SAIC’s aquaculture innovation manager for the gill health project, Caroline Griffin, explained: “Gill health has become one of the biggest challenges facing salmon production – not only in Scotland, but in Norway and internationally.
“SAIC is supporting a range of projects across Scotland, drawing on the expertise in our academic institutions and industry to understand the issue and develop innovative solutions. The new knowledge gained will be shared across the sector, helping salmon farmers to maintain healthy populations of farmed fish.”
The devastating effects of gill-related challenges were demonstrated at SSF’s Lismore North farm in Loch Linnhe, which experienced unusually high mortalities of 22% during the last crop as a direct result of complex gill health disorder.

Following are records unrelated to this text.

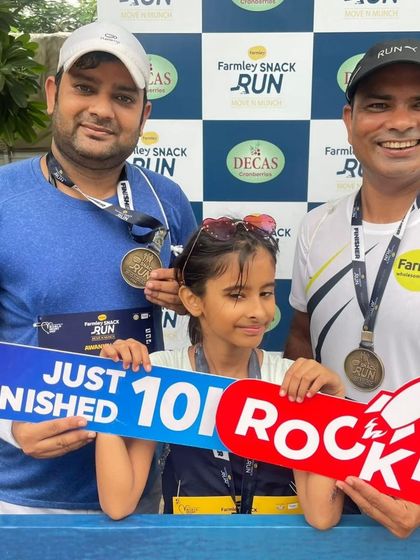 Two runners and a young participant proudly holding a 'Just Finished 10K Rocket' sign. Our events are family-friendly and inspiring for all ages.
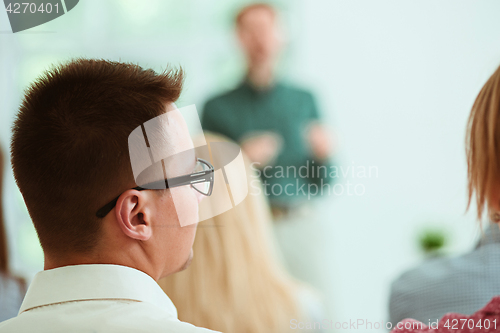 Image of Speaker at Business Meeting in the conference hall.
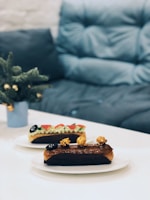 Two elegantly plated éclairs are placed on a white table, with one featuring a glossy chocolate glaze and caramel popcorn, and the other topped with colorful fruit and cream. A soft, plush couch in a muted blue tone serves as the background, lending a cozy atmosphere. A small potted plant sits nearby, adding a touch of greenery.
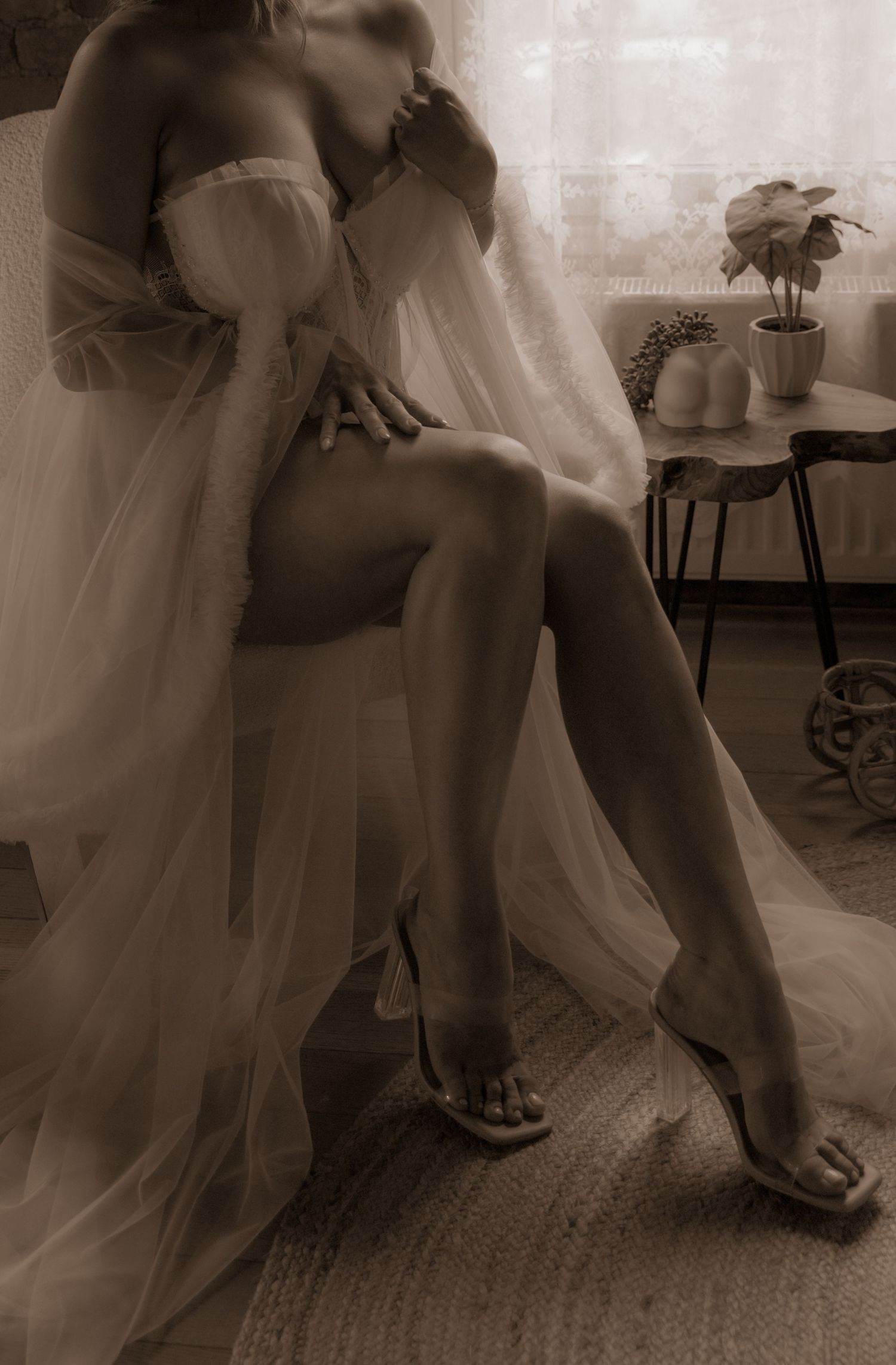 Moody sepia boudoir image featuring soft fabric draping and natural window light.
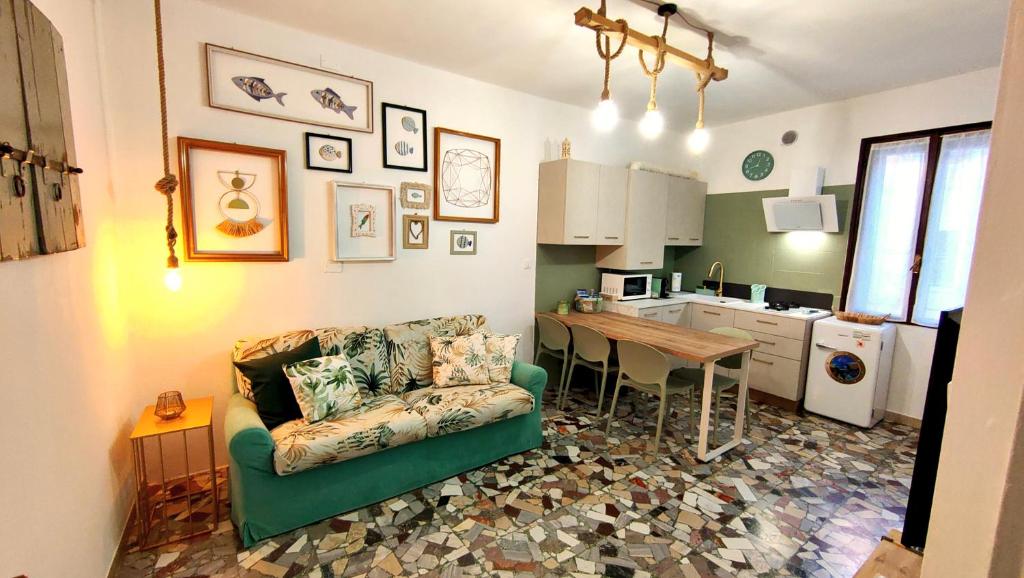 a living room with a couch and a table and a kitchen at Coramino in Chioggia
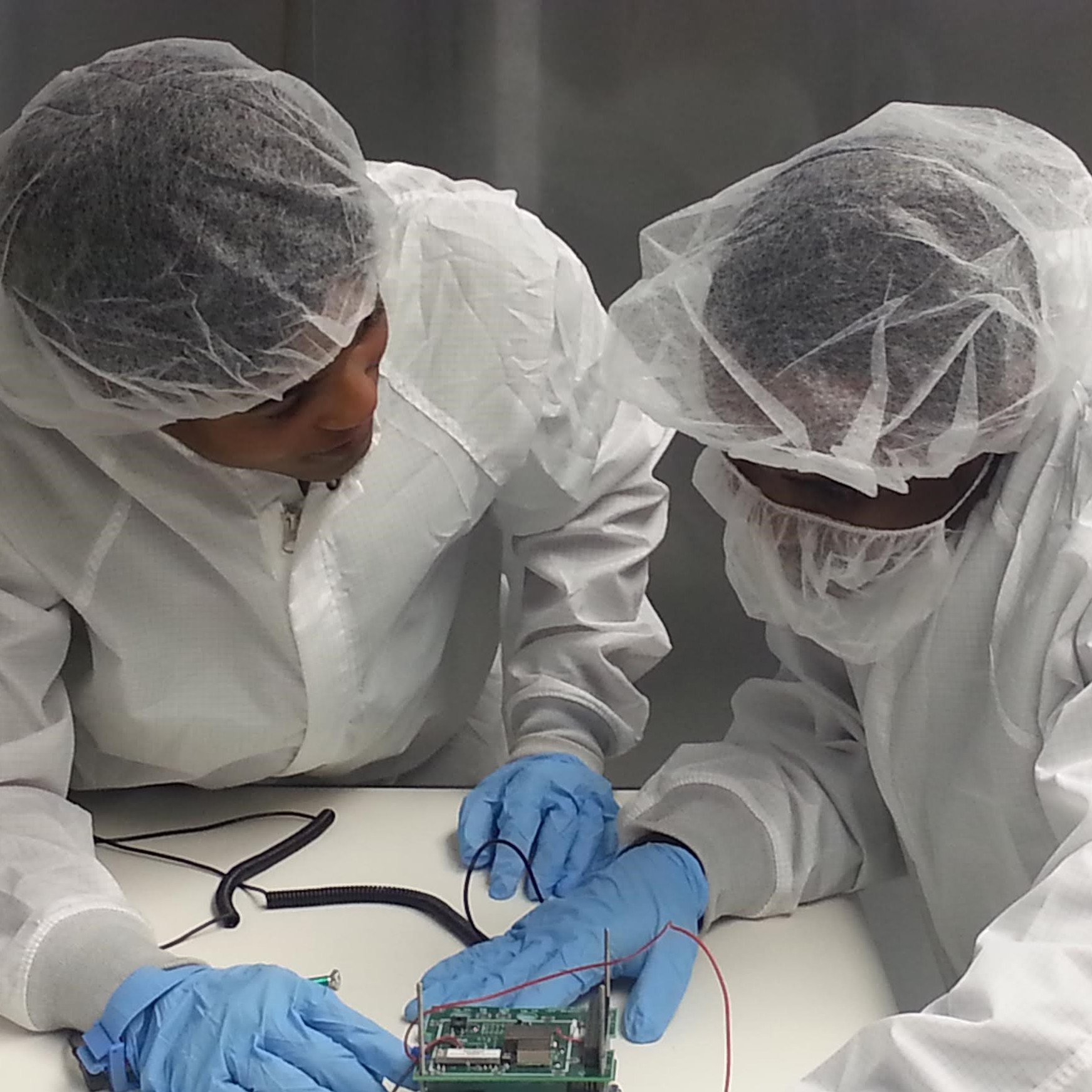 Medgar Evers College students work on CubeSat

Bickerdike said: “When seawater temperature rises, even by something as seemingly slight as 0.5 degrees, more marine organisms grow. In the summer of 2018 – the joint hottest summer on record for the UK – we experienced a phytoplankton bloom in the Loch Linnhe area which resulted in a challenge to gill health. Increasing our understanding of what more we can do to pre-empt and prevent these kinds of challenges is a priority.”
The Lismore North farm witnessed 15% mortalities earlier in the same crop due to Saprolegnia – a health challenge which arises at freshwater stage and another area currently being researched by SSF, SAIC and partners – contributing to an overall survival rate of 59% for the total crop. This compares with survival rates in excess of 90% for the previous three crops.
Strong average survival rate
Bickerdike said: “Across our farming estate, average end of crop survival is now 87.2%; a strong survival rate that has been aided by Scottish Sea Farms investing over £10 million in applied research into fish health in the last five years alone.
“The challenges experienced at Lismore North, whilst isolated, are precisely the reason why we continue to invest and build our knowledge in order to fully deliver our ‘prevention over cure’ approach to fish welfare and boost survival rates even further.”
The first collaborative applied research project into gill health by the project partners was the two-year Clinical nutrition and the treatment of Atlantic salmon gill diseases (NAGD) project, which began in early 2018 and cost £798,400, of which Scottish Sea Farms contributed £376,000.
The Saprolegnia-related project, Exploring the risk factors for Saprolegniosis outbreaks in salmon farms, involves partners from across the sector including Benchmark, Cooke Aquaculture Scotland, Europharma, Grieg Seafood Shetland, Landcatch Natural Selection, Mowi Scotland, Pulcea, RSPCA, SAIC, the Scottish Salmon Producers’ Organisation, SSF, and the universities of Aberdeen and Glasgow. The three-year project will cost £1.1m, of which SSF is contributing £102,000.